* _What is being asked_:
Go through the entries below and print, exactly, the lines starting at the one with "Csavaros tető Ø" and ending at the one with "Gold Black Balloons", keeping both ends and no others.

* _Data for the task_:
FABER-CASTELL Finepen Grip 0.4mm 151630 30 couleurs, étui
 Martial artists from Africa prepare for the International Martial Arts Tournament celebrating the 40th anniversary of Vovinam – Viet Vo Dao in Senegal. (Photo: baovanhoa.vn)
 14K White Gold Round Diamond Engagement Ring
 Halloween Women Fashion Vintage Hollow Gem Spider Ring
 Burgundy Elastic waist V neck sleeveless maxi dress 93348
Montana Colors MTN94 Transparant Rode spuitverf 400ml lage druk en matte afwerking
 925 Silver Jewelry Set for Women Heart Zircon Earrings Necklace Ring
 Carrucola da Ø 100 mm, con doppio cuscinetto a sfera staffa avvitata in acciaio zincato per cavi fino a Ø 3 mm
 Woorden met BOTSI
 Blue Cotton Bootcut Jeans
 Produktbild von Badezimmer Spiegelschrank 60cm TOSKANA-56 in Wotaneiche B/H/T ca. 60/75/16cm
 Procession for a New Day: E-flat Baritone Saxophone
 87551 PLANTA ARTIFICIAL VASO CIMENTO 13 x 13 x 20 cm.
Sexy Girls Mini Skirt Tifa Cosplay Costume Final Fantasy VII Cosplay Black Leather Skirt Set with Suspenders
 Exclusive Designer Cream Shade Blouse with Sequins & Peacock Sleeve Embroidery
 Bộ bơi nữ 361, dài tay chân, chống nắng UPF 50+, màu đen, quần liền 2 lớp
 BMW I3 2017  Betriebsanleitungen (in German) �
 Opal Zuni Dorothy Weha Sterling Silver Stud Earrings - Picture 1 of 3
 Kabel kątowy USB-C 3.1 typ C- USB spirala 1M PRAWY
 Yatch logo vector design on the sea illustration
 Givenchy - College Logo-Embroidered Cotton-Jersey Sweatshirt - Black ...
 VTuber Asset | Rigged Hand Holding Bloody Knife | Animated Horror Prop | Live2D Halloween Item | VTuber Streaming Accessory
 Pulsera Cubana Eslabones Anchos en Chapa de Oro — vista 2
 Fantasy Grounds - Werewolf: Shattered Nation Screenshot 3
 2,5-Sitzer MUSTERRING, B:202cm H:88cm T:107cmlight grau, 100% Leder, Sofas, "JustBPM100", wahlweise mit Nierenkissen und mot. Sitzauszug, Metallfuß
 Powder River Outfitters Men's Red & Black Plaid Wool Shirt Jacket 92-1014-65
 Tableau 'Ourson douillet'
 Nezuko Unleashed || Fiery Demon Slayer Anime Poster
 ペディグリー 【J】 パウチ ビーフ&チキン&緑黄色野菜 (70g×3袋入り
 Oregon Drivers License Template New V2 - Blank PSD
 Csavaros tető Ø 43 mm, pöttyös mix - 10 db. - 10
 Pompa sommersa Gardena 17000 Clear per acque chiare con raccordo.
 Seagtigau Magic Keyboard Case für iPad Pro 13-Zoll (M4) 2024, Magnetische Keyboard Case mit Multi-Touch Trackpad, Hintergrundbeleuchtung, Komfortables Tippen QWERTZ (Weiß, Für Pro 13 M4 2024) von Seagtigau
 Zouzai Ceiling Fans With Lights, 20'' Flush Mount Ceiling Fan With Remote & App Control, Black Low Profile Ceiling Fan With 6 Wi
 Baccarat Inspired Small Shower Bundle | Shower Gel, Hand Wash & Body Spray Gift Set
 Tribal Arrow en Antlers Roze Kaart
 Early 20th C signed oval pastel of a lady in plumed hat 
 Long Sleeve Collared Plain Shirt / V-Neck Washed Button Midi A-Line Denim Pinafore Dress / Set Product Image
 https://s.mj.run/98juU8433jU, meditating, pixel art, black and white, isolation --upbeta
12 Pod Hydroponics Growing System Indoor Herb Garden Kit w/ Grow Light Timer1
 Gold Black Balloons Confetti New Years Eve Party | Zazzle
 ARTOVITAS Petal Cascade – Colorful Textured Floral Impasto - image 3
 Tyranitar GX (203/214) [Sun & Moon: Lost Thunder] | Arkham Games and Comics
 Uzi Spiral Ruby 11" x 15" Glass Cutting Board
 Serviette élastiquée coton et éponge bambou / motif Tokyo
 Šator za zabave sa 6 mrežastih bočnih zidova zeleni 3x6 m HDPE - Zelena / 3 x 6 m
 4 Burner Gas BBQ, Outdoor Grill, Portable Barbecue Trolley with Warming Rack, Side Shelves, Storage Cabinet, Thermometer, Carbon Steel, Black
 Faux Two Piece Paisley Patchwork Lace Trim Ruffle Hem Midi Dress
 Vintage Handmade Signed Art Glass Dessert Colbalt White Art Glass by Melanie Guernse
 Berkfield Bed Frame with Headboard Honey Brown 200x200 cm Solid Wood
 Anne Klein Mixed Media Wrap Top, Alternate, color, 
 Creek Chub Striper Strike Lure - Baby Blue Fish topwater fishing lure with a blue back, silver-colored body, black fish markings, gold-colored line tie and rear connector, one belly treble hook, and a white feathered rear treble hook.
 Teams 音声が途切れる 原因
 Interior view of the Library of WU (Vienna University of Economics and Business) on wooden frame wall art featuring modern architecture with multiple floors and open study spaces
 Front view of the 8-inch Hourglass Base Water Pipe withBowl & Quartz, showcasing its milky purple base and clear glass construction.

* _Response area_:
 Csavaros tető Ø 43 mm, pöttyös mix - 10 db. - 10
 Pompa sommersa Gardena 17000 Clear per acque chiare con raccordo.
 Seagtigau Magic Keyboard Case für iPad Pro 13-Zoll (M4) 2024, Magnetische Keyboard Case mit Multi-Touch Trackpad, Hintergrundbeleuchtung, Komfortables Tippen QWERTZ (Weiß, Für Pro 13 M4 2024) von Seagtigau
 Zouzai Ceiling Fans With Lights, 20'' Flush Mount Ceiling Fan With Remote & App Control, Black Low Profile Ceiling Fan With 6 Wi
 Baccarat Inspired Small Shower Bundle | Shower Gel, Hand Wash & Body Spray Gift Set
 Tribal Arrow en Antlers Roze Kaart
 Early 20th C signed oval pastel of a lady in plumed hat 
 Long Sleeve Collared Plain Shirt / V-Neck Washed Button Midi A-Line Denim Pinafore Dress / Set Product Image
 https://s.mj.run/98juU8433jU, meditating, pixel art, black and white, isolation --upbeta
12 Pod Hydroponics Growing System Indoor Herb Garden Kit w/ Grow Light Timer1
 Gold Black Balloons Confetti New Years Eve Party | Zazzle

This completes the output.